Semua keinginan tadi belum bisa dipenuhi. Penyebabnya kebanyakan karena uang. Nah, setelah itu kupuskan untuk mencarinya sendiri tanpa mengemis-ngemis lagi kepada orangtua. Meskipun lowongan silih berganti masuk whatsapp, namun kegiatan pascawisuda saya habiskan untuk menganggur karena saya nggak mau jadi PNS yang melulu di kantor atau kerja berpanas-panasan di perkebunan. Saya menyebut diri saya mengganggur, meskipun pada kenyataannya saya mencoba berjualan sepatu dan jam tangan secondhand. Tapi gagal. Terbukti, menjual memang selalu lebih sulit dari membeli.
Syahdan, semua berubah ketika teman saya datang. Teman kecil saya dari Jakarta berkunjung ke Jogja. Entah kerasukan setan mana, ia mengadu nasib, mencari penghasilan di kota istimewa ini —sepertinya kemampuan aritmatikanya jelek, UMR disini cuma seujung jari. Saat ia sibuk bolak-balik interview kerja, mau nggak mau saya mengantarnya. Saat itu tabungan saya sudah menipis. Lowongan Hipwee beredar di media sosial. Akhirnya saya —menelan ludah sendiri— dengan mendaftarkan diri untuk kerja di kantor. Saya mengirimkan surat lamaran mendekati momen injury time, satu jam sebelum tenggat waktu. Tak lama berselang kabar baik datang: undangan wawancara.
Ini rahasia tapi akan saya kubagi kalian cuma-cuma Beberapa hari sebelum undangan interview, saya menghadiri sebuah talkshow buku bertajuk Nice Boys Don’t Write Rock n’ Roll. Salah seorang yang bekerja di Hipwee menjadi pembicaranya. Meskipun saya nggak berkenalan, namun dari situ saya sedikit tahu profilnya. Sebuah kebetulan, dia termasuk satu dari empat orang yang mewawancarai saya, inisialnya, Soni Triantoro (maap, mas, keceplosan). “Celah” sedikit terbuka, saya unggul satu langkah. Selain itu, sungguh —dunia yang sempit— nggak terduga, salah seorang lain yang mewawancarai saya kenal dengan kakak saya. Saya beruntung kecipratan citra baik kakak saya. Ya, mungkin dua kasus tadi mewakili beberapa kebetulan yang membuat saya merasa berjodoh dengan pekerjaan saya ini.
Uraian diatas juga menguatkan pendapat pribadi saya, bahwa terdapat milyaran kebetulan yang telah Tuhan sediakan untuk tiap-tiap insan yang berusaha. Dan saya juga percaya, kebetulan-kebetulan yang terjadi pada hidup saya merupakan kiriman do’a dari Ibu yang di-Ijabah oleh Yang Maha.
ADVERTISEMENTS
Pengalaman baru di dunia kerja. Belajar menulis lagi di Hipwee
Saya nggak ingin bercerita pendapat saya tentang teman-teman kantor. Nanti mereka kepedean! Sebagai gantinya saya akan jelaskan masa adaptasi saya di dunia “baru” saya. Saya tumbuh di lingkungan “melek” literasi. Sejak kecil saya terbiasa membaca, meskipun nggak terlalu sering. Bapak kerap membelikanku komik bukan obat batuk sebagai bacaan. Dari SMP ke SMA, saya rutin mengunjungi kios koran almarhum paman saya untuk membaca koran Bola dan Soccer sepulang saya dari sembahyang Jumat. Saya juga suka menulis.
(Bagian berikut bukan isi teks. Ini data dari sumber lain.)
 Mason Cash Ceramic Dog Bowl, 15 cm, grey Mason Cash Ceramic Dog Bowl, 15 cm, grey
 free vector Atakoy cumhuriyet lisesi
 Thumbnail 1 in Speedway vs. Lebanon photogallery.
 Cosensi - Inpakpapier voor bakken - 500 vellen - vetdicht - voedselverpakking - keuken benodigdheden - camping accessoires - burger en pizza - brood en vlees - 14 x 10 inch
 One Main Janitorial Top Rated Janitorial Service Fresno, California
Sejak saya menggeluti kesenian di teater kampus saya, saya menjadi akrab menulis: kebanyakan sastra. Ya, itulah secuil pengalaman saya yang membantu saya dalam pekerjaan menulis di Hipwee.
Namun, semua paparan barusan nggak serta-merta melepaskan saya dari kesulitan. Kesulitan penting untuk tumbuh kembang kita. Sejauh ini saya masih akan terus belajar menyesuaikan —gaya, topik, kesukaan dan lainnya— tulisan saya dengan para pembaca Hipwee. Intinya saya harus menahan diri. Saya memulai dari nol lagi. Untungnya saya memiliki mentor yang cakap dan mengerti keadaan saya. Saya banyak belajar darinya. Dan tentu saja teman-teman lain, yang juga telah memberikan iklim nyaman kerja. Saya akan balas itu semua dengan hasil “kerjaan” saya. Harap bersabar, Guys.
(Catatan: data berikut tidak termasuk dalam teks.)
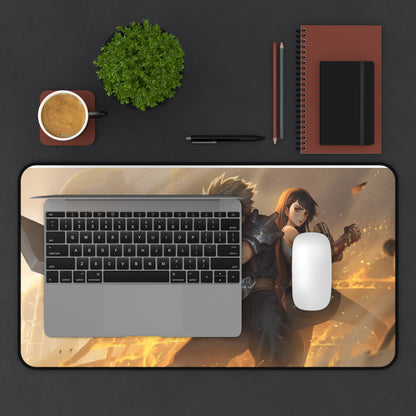 Fantasy Warrior Desk Mat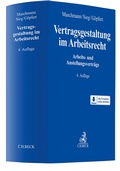 Cover: Vertragsgestaltung im Arbeitsrecht - C.H.BECK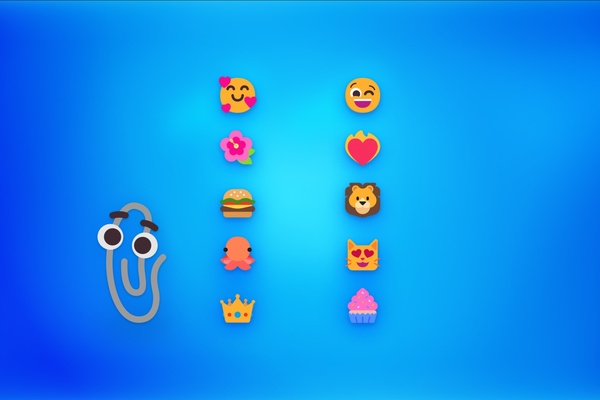 Windows 11:n uusi päivitys tuo mukanaan uudistetut emojit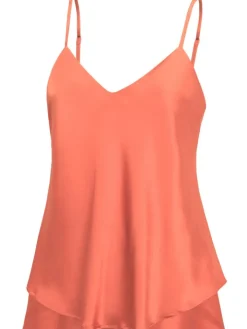 100% Seide Trägertop KLASSIK SATIN von Eva B. Bitzer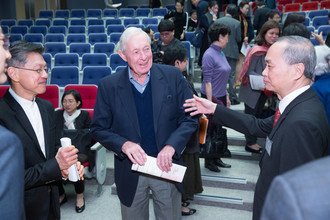 Image of Mok Hing Yiu Visiting Professor Public Lecture by Professor Yeoh Eng Kiong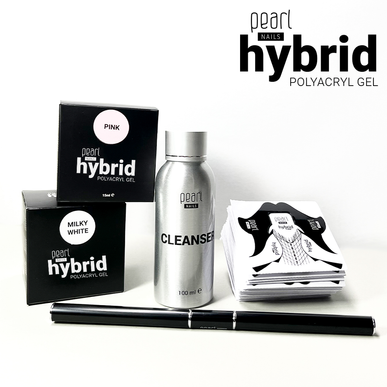 Kit unghii cu hybrid polyacryl gel Pearl Nails - 05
Itulah pengalaman yang bisa kubagi. Semoga bermanfaat. Oh iya, supaya saya nggak binggung menulis jurnal selanjutnya, saya ingin minta saran kepada Anda. Lebih menarik mana untuk dibaca antara “Why I didn’t talk when I talk about love” atau “Sudut Pandang Ketika Aku Bicara Film”? Selain itu, kamu juga boleh kok berbagi pengalaman yang serupa denganku di kolom komentar. Nggak perlu malu!